Although this approach is intuitive, things are not always what they seem. At times, low-PE stocks trade at such levels for a reason. As an example, consider economically sensitive stocks. When the economy is strong, these companies make large profits. However, the stock market is more concerned with the future than how business is today. Knowing the business cycle will peak and then decline, share prices remain static or decline even though current profits are soaring. Low PEs become even lower as stock prices shrink while profits race higher.

As an example, consider Arkansas Best (ABFS), a trucking company. When consumers are spending and its business is strong, ABFS's earnings move higher. During the recent cycle, earnings peaked at $4.06 per share in 2005 and are forecast to fall to $0.24 in the current year. Those who bought the shares at a 9 PE in 2005 show 35% losses while those scared by the current 97 PE are missing an opportunity.
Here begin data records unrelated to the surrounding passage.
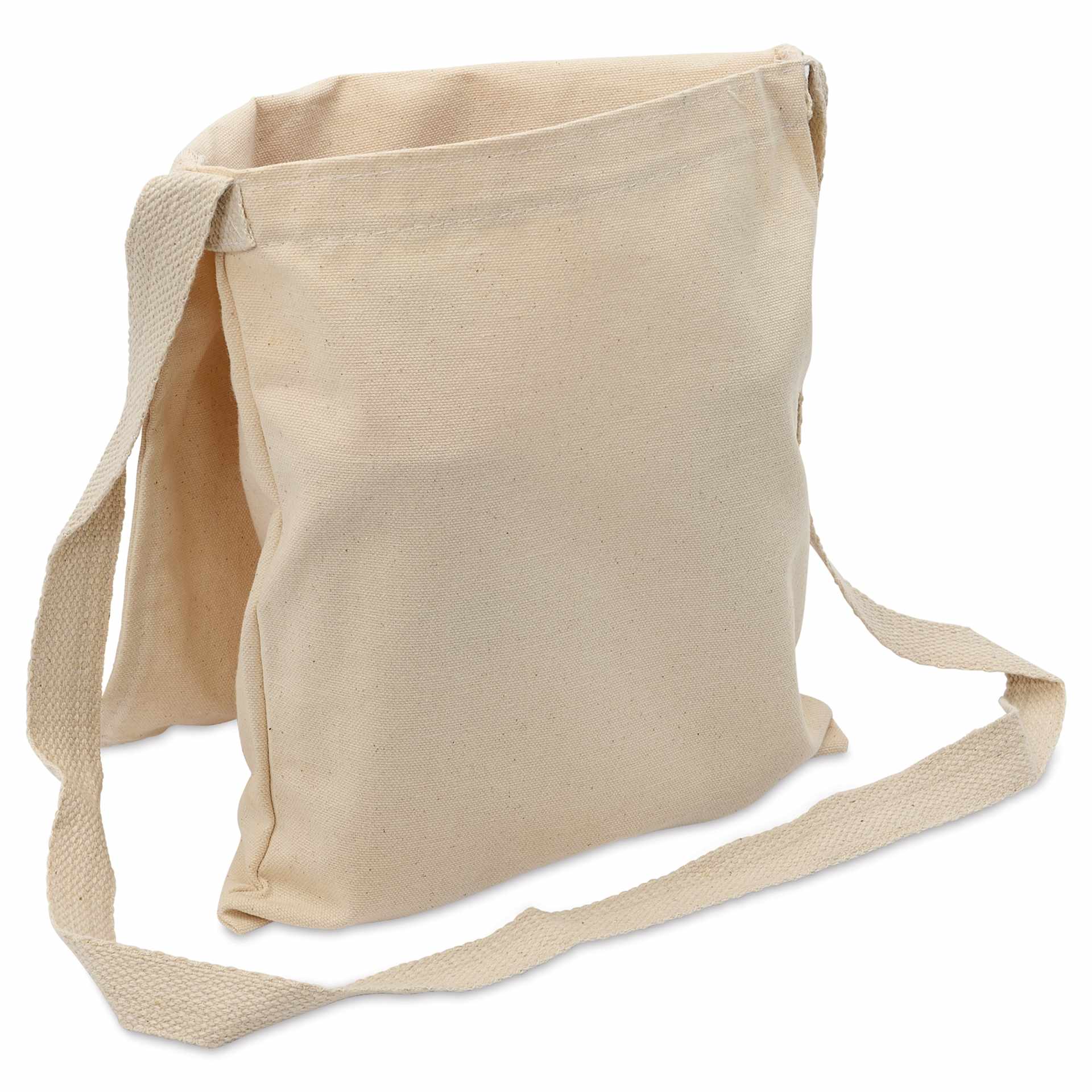 Wear'm Canvas Book Bag angled view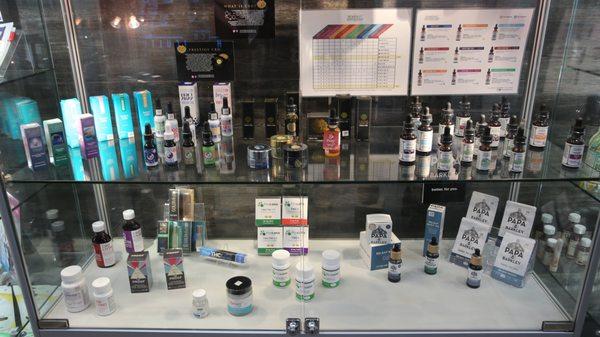 CBD creams and tinctures! Your mom uses weed cream ;)!!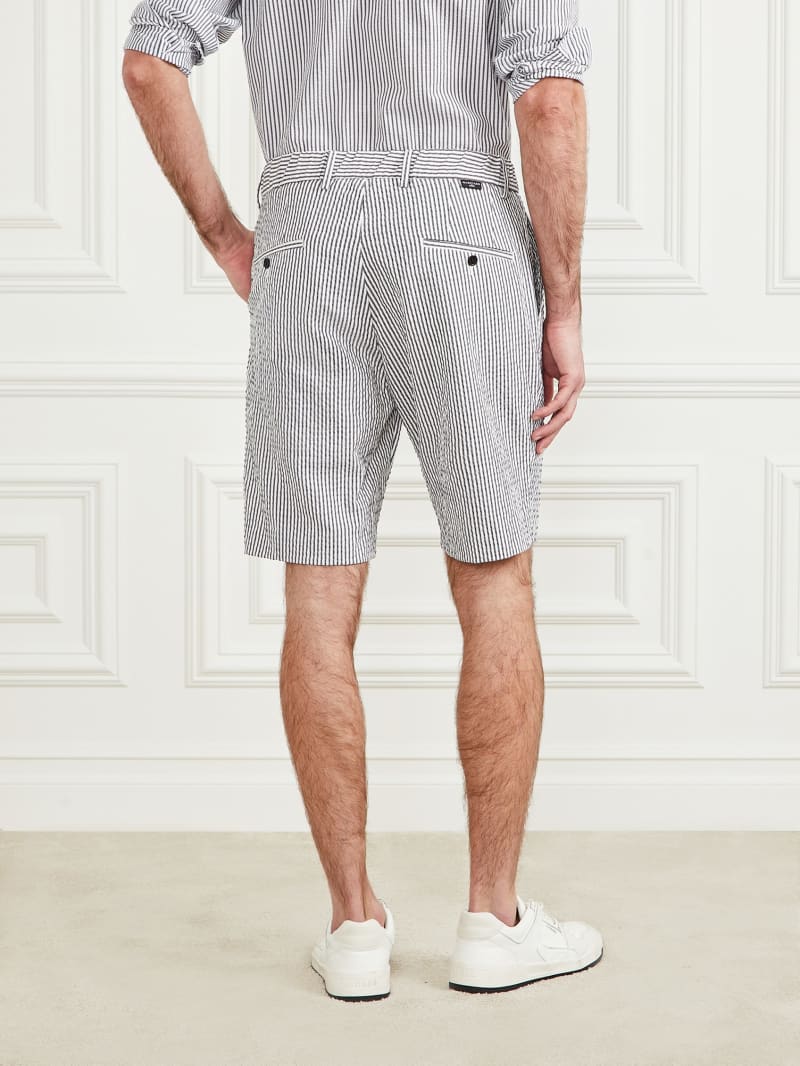 Mens white 2025 capri shorts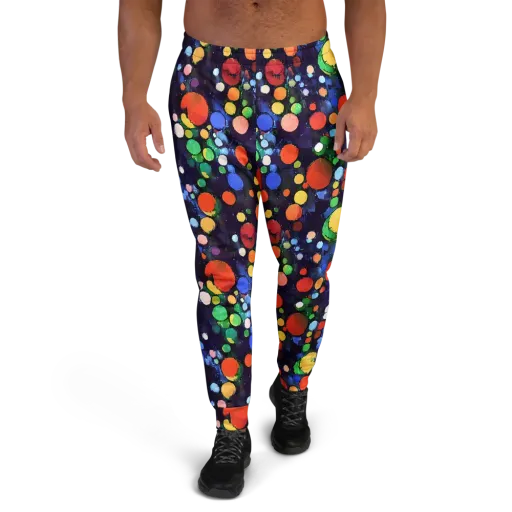 Painted Planetarium on a Men's Joggers
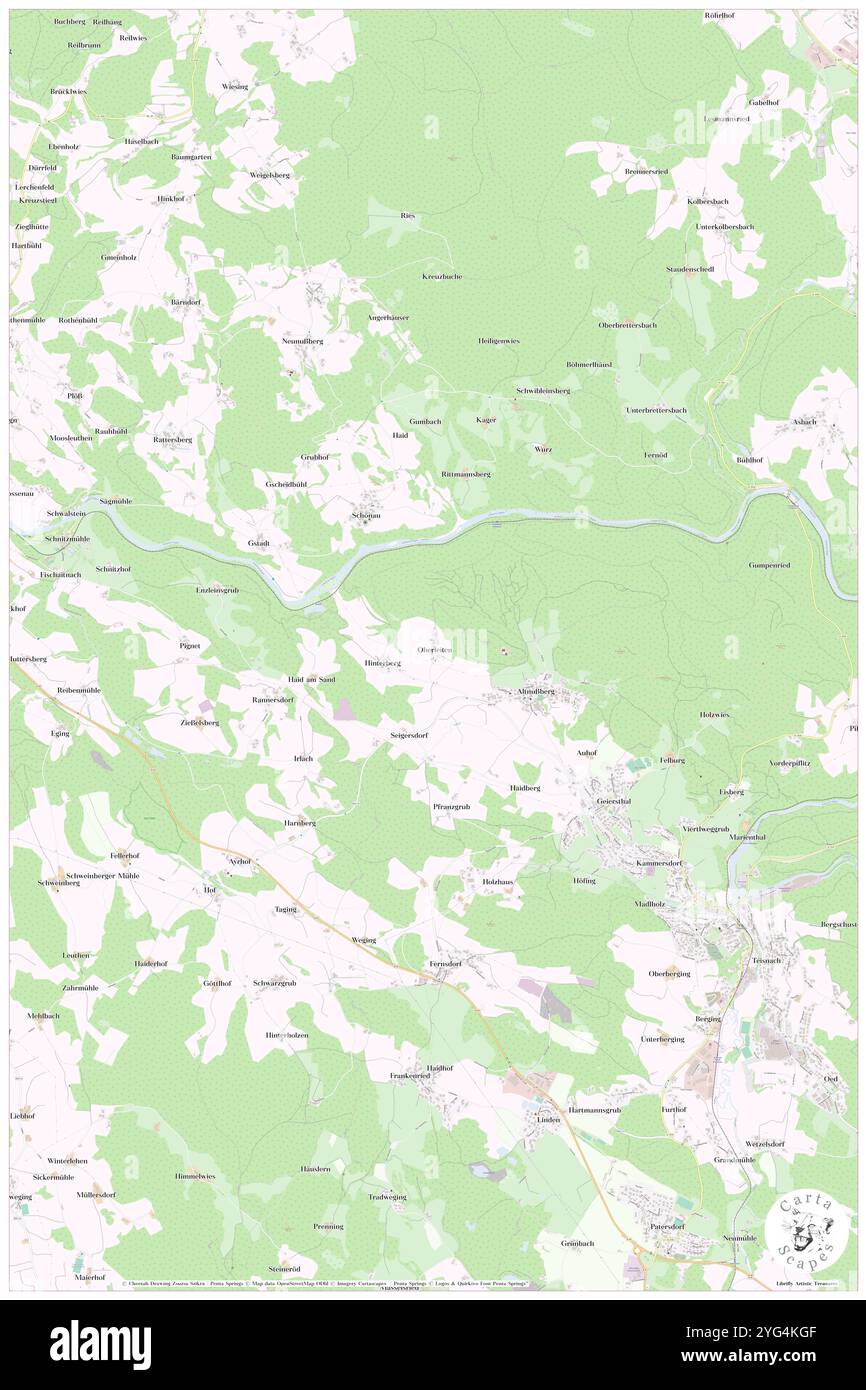 Oberleiten, bassa Baviera, DE, Germania, Baviera, N 49 3' 38'', N 12 57' 28'', MAP, Cartascapes Map pubblicata nel 2024. Esplora Cartascapes, una mappa che rivela i diversi paesaggi, culture ed ecosistemi della Terra. Viaggia attraverso il tempo e lo spazio, scoprendo l'interconnessione del passato, del presente e del futuro del nostro pianeta. Foto Stock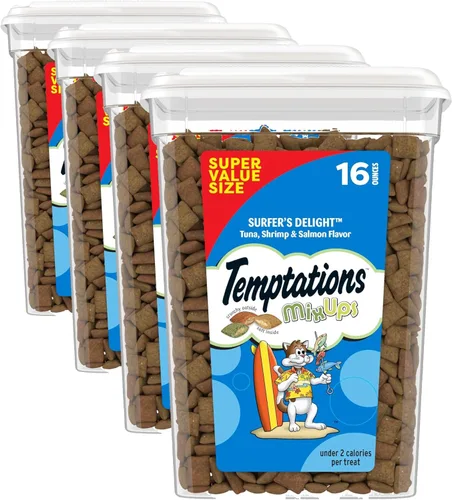 Miniatura 13 de Temptations MixUps Surfer's Delight - Golosinas crujientes y suaves para gatos, 30 onzas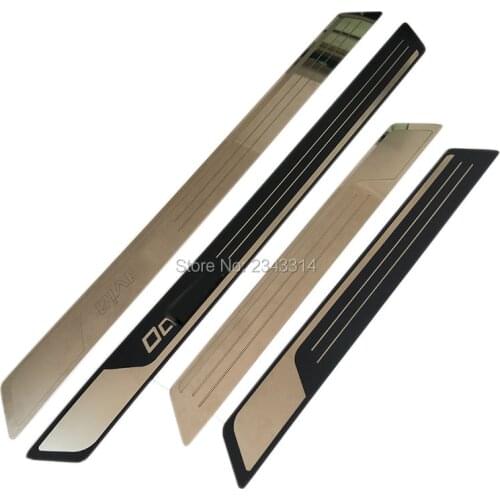 For Skoda Octavia A5 A7 2010-2016 Stainless Steel Door Sill Scuff Plate Protector Trim Kick Guard Pedal Step Cover Car Accessory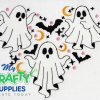 Ghost Heart Embroidery Design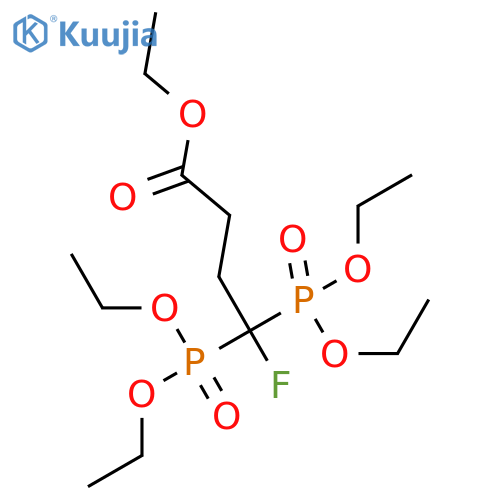 Ethyl 4,4-bis(diethoxyphosphoryl)-4-fluorobutanoate structure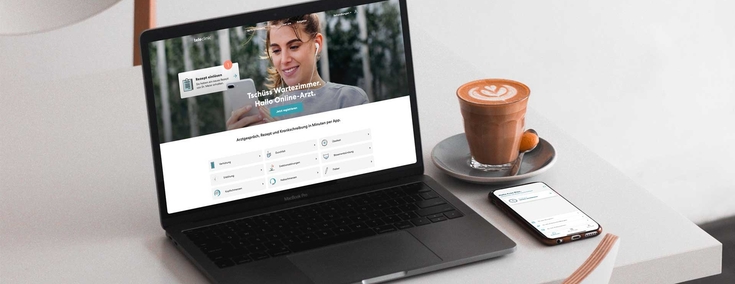 Teleclinic Online-Arztsprechstunde, einfach, schnell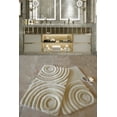 thumbnail image 1 of Chilai Home by Alessia - Wave - Ecru Bathmat Set, 1 of 5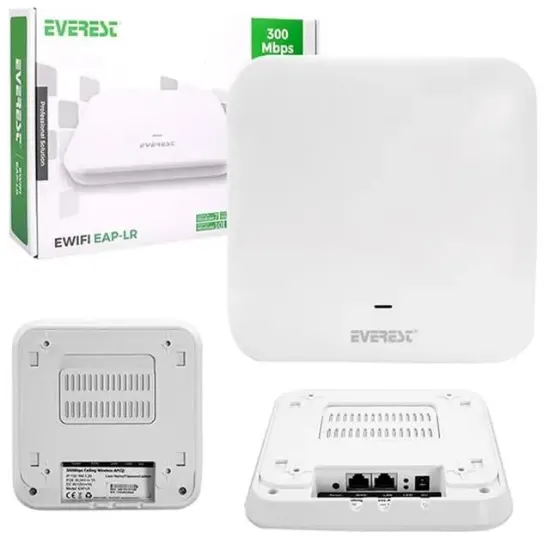 Everest EWIFI EAP-LR 300 MBPS 11N 2.4GHZ Tavan Access Point Router resmi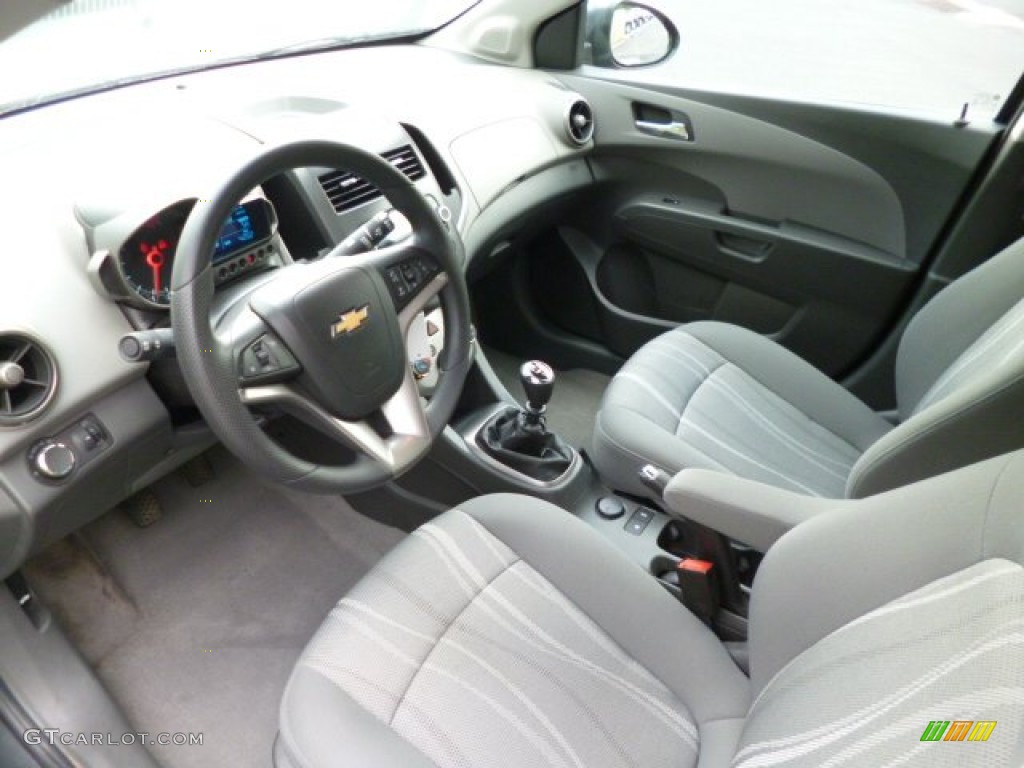 Dark Pewter/Dark Titanium Interior 2012 Chevrolet Sonic LT Hatch Photo #82822644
Throughout business cycles, ABFS management has remained focused and disciplined. Debt remains low, turnover ratios are impressive, and capital is well allocated. Currently the shares trade at a discount to book value and offer a 2.6% dividend yield. Assuming the company never betters its 2005 earnings per share of $4.06 and cannot top the 2007 level of $2.26 until 2012, the shares are worth $34 on an earnings yield basis.

Knowing that PEs for cyclical companies are counterintuitive, I rely upon book value and earnings yield as a better proxy of value. On both accords, ABFS passes my valuation criteria. I believe this recession will end in the near future and ABFS should be a major beneficiary. Unless you are convinced the economy is simply resting before heading lower, purchasing shares at the current price makes a great trade. I recommend a position in ABFS as this week's fundamental trade.